[Web page caption snippets]
■ ■ ■ ■ ■ ■ ■
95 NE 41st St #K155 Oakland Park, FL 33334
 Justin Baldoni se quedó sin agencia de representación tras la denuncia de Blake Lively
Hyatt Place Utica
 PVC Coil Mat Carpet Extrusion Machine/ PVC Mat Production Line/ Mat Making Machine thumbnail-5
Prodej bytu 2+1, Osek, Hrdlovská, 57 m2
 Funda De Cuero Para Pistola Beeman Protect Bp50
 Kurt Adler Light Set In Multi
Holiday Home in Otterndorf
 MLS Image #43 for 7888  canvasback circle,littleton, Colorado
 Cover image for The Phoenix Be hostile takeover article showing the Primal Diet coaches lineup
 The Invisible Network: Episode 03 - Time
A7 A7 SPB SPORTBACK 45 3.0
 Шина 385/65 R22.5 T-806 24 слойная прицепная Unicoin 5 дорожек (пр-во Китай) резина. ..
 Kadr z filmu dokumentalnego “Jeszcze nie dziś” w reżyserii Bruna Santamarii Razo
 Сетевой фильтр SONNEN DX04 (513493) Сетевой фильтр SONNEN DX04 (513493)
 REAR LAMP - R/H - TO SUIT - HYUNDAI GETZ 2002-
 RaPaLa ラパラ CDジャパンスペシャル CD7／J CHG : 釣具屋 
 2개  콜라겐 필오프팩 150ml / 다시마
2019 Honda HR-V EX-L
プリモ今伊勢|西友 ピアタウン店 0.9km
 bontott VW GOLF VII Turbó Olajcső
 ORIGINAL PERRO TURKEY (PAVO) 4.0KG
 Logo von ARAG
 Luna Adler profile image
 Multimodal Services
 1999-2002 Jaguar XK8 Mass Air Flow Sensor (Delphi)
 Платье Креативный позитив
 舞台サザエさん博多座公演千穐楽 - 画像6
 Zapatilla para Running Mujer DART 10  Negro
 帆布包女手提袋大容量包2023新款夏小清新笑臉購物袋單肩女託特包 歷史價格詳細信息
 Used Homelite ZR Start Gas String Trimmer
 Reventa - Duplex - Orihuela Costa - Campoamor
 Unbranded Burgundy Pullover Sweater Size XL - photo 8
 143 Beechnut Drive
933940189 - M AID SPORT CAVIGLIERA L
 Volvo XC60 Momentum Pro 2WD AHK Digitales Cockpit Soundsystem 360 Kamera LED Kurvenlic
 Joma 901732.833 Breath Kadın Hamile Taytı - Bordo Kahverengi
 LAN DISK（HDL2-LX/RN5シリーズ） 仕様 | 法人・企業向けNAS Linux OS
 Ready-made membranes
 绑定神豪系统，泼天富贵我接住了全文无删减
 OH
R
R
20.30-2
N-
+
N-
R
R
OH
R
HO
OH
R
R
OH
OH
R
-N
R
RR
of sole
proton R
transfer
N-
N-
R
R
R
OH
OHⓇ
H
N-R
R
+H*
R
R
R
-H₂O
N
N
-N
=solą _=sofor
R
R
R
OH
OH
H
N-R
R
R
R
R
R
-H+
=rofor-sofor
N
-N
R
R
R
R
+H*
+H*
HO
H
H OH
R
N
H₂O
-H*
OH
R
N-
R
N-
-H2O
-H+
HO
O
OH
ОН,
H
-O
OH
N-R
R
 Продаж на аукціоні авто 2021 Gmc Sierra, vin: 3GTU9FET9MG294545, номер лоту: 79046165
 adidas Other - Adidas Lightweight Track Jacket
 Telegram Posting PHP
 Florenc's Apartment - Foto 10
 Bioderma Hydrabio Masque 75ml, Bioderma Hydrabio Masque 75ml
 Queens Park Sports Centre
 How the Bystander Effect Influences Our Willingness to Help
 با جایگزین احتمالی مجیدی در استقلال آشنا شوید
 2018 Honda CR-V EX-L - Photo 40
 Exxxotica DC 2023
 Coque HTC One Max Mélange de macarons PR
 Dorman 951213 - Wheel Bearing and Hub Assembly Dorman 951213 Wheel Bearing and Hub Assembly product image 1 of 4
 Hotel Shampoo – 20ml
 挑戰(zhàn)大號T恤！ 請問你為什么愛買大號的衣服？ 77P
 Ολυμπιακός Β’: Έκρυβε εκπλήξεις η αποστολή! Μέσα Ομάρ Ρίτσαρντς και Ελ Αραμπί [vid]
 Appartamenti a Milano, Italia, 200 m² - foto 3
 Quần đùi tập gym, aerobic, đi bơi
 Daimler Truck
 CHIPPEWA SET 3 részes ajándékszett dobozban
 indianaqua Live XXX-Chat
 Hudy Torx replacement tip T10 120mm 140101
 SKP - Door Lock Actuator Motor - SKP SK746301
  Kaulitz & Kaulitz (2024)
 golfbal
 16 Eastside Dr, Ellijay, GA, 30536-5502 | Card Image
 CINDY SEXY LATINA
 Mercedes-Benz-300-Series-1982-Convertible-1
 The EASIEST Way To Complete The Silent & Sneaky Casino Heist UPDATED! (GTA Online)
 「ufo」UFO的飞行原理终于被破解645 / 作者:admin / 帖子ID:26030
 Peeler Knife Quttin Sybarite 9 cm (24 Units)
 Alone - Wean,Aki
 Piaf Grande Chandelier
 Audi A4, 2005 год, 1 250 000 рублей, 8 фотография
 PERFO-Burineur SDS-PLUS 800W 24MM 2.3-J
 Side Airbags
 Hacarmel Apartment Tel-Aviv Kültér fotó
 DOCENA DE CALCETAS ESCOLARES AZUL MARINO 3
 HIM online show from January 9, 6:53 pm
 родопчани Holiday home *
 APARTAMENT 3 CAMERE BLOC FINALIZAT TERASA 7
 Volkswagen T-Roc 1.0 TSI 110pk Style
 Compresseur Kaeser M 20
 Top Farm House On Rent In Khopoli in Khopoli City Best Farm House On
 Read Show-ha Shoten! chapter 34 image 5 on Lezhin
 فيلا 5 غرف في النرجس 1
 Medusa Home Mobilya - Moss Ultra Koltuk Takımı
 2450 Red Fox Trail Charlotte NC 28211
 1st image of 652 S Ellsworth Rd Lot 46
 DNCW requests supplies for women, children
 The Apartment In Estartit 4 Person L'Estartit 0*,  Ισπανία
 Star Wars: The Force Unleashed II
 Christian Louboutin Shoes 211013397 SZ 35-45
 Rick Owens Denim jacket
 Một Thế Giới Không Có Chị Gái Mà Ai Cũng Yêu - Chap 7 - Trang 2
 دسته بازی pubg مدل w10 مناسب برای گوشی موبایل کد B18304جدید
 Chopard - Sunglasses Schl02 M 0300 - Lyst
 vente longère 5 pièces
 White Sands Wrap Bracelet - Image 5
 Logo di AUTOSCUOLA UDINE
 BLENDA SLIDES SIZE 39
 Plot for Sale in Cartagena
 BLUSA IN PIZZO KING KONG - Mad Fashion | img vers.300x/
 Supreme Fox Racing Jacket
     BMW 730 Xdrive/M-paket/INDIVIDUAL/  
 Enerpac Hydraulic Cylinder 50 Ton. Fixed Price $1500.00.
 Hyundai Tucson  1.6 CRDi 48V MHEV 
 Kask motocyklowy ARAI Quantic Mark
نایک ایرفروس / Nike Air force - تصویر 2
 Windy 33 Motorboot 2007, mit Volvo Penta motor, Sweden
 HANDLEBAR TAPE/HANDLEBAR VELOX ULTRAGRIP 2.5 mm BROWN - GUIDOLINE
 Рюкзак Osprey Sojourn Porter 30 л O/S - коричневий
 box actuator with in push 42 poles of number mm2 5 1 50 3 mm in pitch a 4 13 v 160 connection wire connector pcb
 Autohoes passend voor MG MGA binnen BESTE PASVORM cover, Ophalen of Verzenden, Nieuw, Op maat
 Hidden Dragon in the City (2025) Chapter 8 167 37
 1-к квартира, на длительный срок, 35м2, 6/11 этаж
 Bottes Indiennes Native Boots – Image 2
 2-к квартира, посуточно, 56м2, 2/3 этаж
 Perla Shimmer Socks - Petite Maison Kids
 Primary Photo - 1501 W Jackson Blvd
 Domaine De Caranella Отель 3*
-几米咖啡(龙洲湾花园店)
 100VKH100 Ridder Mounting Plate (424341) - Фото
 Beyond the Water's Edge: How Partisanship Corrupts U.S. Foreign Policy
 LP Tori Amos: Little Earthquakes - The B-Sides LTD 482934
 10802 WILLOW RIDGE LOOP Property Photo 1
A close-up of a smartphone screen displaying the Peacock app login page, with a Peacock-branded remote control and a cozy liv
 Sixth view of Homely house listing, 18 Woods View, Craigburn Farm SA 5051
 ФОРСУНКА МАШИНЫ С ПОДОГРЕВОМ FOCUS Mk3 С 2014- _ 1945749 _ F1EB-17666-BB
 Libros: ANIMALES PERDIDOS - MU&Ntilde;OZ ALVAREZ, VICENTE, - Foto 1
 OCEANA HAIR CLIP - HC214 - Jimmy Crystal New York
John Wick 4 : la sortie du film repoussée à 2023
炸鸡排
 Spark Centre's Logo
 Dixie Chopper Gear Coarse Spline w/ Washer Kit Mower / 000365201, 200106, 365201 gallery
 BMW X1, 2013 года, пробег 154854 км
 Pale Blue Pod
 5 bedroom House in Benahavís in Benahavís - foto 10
■ ■ ■ ■ ■ ■ ■
Problem details
List all lines from the entries that include the word "Honda".

Answer to the problem
2019 Honda HR-V EX-L
 2018 Honda CR-V EX-L - Photo 40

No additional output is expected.